The staff live in small houses scattered over the beach front of the island. 24 year-old ranger Christopher Mahoune has lived on Cousin island for the past four years and he describes the ordeal of carrying diesel from Praslin, a boat trip of almost 15 minutes and the tedious task of beach landing in the South East monsoon with their precious cargo.
“When we had diesel on-board we were always mindful but in any case we had to land one way or another…,” says Mahoune to SNA. He notes happily how simple tasks, such as charging electronic devices like mobile phones and laptops, are now much easier.
|Landing on Cousin Island, off the West coast of Praslin is a task that requires skills especially during the South East monsoon when the sea of the Indian Ocean Islands can be quite rough. The use of a fully solar-powered electricity systems reduces the island's dependencies on fuel which is transported from Praslin island. (Romano Laurence / Seychelles News Agency) Photo License: CC-BY|
Whilst the eight permanent staff of Cousin Island Special Reserve relish in the convenience of their environmentally-friendly electricity, the solar trend is expected to spread to other populated islands of the archipelago as well.
Seychelles plans wide-scale renewable energy projects
According to the Seychelles Minister for Environment, Energy and Climate Change, Didier Dogley, soon his ministry will be launching a renewable energy project for companies to provide at least 5 megawatt electricity for the archipelago’s most populated island of Mahe.
Dogley says when this is completed it will be a big step forward towards reducing the Indian Ocean islands fuel consumption although he adds, “if we can convert the current of the sea into renewable energy this will be the ultimate solution for Seychelles!”
“Within one year from 2014 to 2015, we have seen 2.5 per cent uptake of renewable energy and the target is by 2030 to have 15 per cent but if we go at this rate we probably will hit that target before 2020…” said Dogley, after he switched on the solar system on Cousin island in a ceremony on Wednesday.
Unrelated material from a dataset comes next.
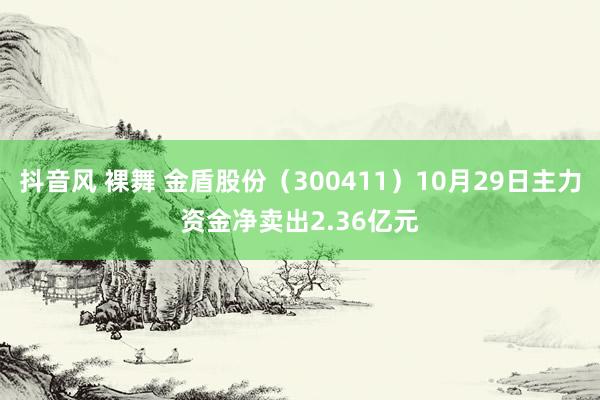 抖音风 裸舞 金盾股份（300411）10月29日主力资金净卖出2.36亿元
Two days earlier, on the Seychelles National Day, June 29, the islands’ President James Michel announced in his traditional address, new measures to encourage the Seychellois population of around 90,000 people to use renewable energy in terms of electricity use as well as transportation.
He announced that financial and technical support will be provided to families to install solar panels on their homes as of 2016, which will include providing subsidies to families based on certain criteria.
“It will also be compulsory for every new house and building to have its own solar panels installed. Here, too, a certain level of subvention may be applicable, depending on set criteria,” said Michel.
“With the same aim in mind, with effect from 15th July 2015, duty on all electric vehicles will be abolished. At the same time, duty on hybrid vehicles will be reduced to five percent. This measure will help promote our policy of clean and renewable energy,” he said.
Seychelles recently introduced an incentive to encourage the use of renewable energy through the financial rebate scheme which allows small businesses and private dwellings to invest in photovoltaic systems at a financial rebate of 35 per cent on installation.